On this page… (hide)
Before we get to any complex learning algorithms, let’s begin with the most basic learning problem.
Suppose you found a funny looking coin on your way to class and, being a scientist, started flipping it.
What is the simplest model of this scientific experiment? Each flip is a Bernoulli (binary) variable, independently and identically distributed (i.i.d.):
{$P(H) = \theta \; {\rm and} \;P(T) = 1-\theta, \; {\rm where}\; \theta \in [0,1].$}
So if you flip the coin {$n$} times, with {$n_H$} heads and {$n_T$} tails, the likelihood of observing a sequence (data) D is:
{$ P(D\mid\theta) = \theta^{n_H}(1-\theta)^{n_T}$}.

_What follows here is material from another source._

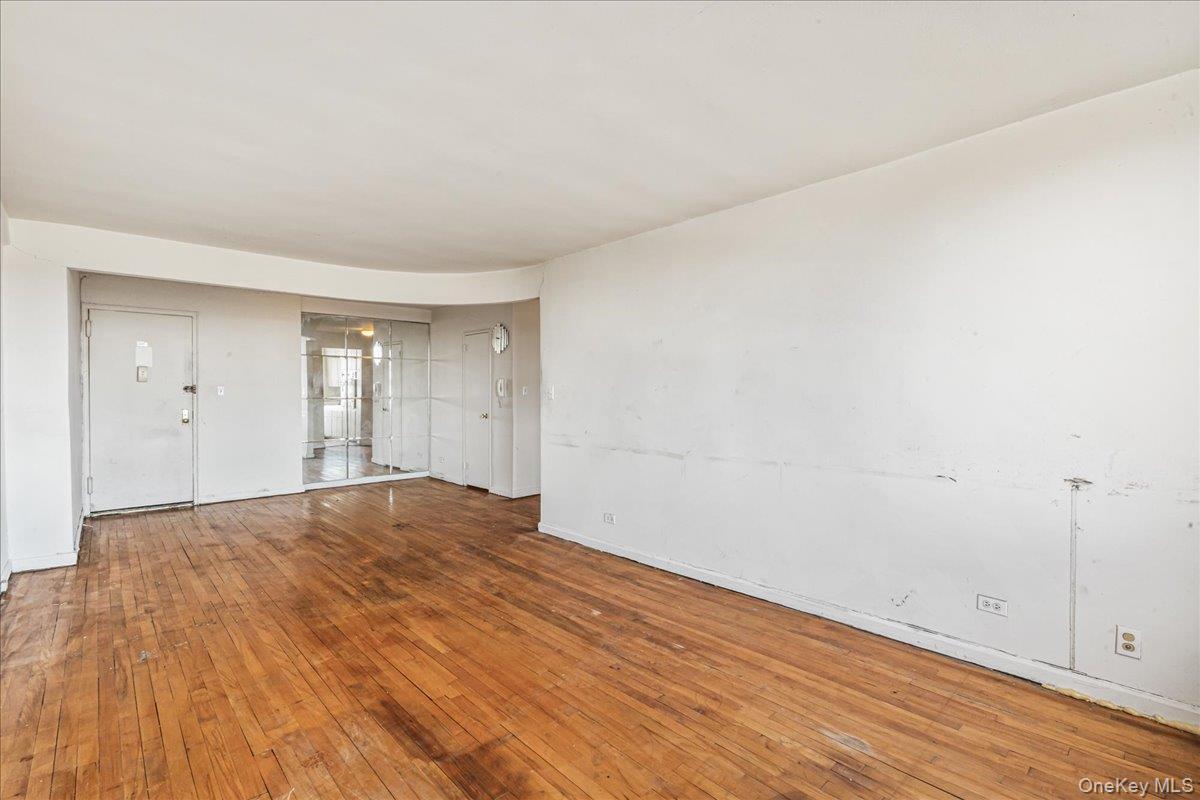 Coop Nostrand  Brooklyn, NY 11235, MLS-932808-5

Suppose you observe 3 heads and 2 tails. What’s your guess for {$\theta$}? If you guessed 3/5, you might be doing MLE, which is simply finding a model that best explains your experiment:
{$ \hat\theta_{MLE} = \arg \max_\theta P(D\mid\theta)$}
How do we find the {$\theta$} that maximizes the log-likelihood of the data? Let’s try to take the derivative and set it equal to zero. Before we do that though, let’s change the product of {$\theta$}-dependent terms to a sum of terms --- this will make it slightly easier to deal with the derivative. We can get a sum from our product by simply taking the log:
{$\log P(D\mid\theta) = n_H\log(\theta) + n_T\log(1-\theta)$}
Notice that since log is a an increasing monotonic function, taking the log doesn’t change the {$\arg \max$}:
{$\arg \max_\theta P(D\mid\theta) = \arg \max_\theta \; \log P(D\mid\theta)$}
so taking log in this case doesn’t change the overall answer we’ll get for {$\theta$}. Now, let’s take the derivative and set it equal to zero:
{$ \; \begin{align*} \frac{d}{d\theta} \log P(D\mid\theta) & = 0 \\ \frac{n_H}{\theta} - \frac{n_T}{1 - \theta} & = 0 \\ n_H(1 - \theta) & = n_T\theta \\ \hat\theta_{MLE} & = \frac{n_H}{n_H+n_T}. \end{align*} \; $}
Why and when is it a good idea to set the parameters of a model by MLE? In practice, the MLE principle is a basis for a majority of practical parameter estimation algorithms, as we will see. If you have enough data and the correct model, MLE is all you need: it will find the true parameters.
The problem is that you rarely have either enough data or the perfect model, so MLE can be terribly wrong. Example: suppose all five tosses come up heads, would you believe MLE? What about five million tosses, all heads?
As another example, consider deriving MLE for the multinomial distribution for estimating a model of a die (ours is a different definition than wikipedia). Suppose there are {$K$} sides of the die (let’s call them labels or outcomes), so the model is
{$P(X = j) = \theta_j \;\; 1 \le j \le K-1, \; \; P(X = K) = 1 - \sum_{j=1}^{K-1} \theta_j $}
(We can also define {$\theta_K$} and introduce a sum to 1 constraint on the parameters — then we would have to use the method of Lagrange multipliers — we’ll do it that way later in the course using the EM algorithm, see the M-step…)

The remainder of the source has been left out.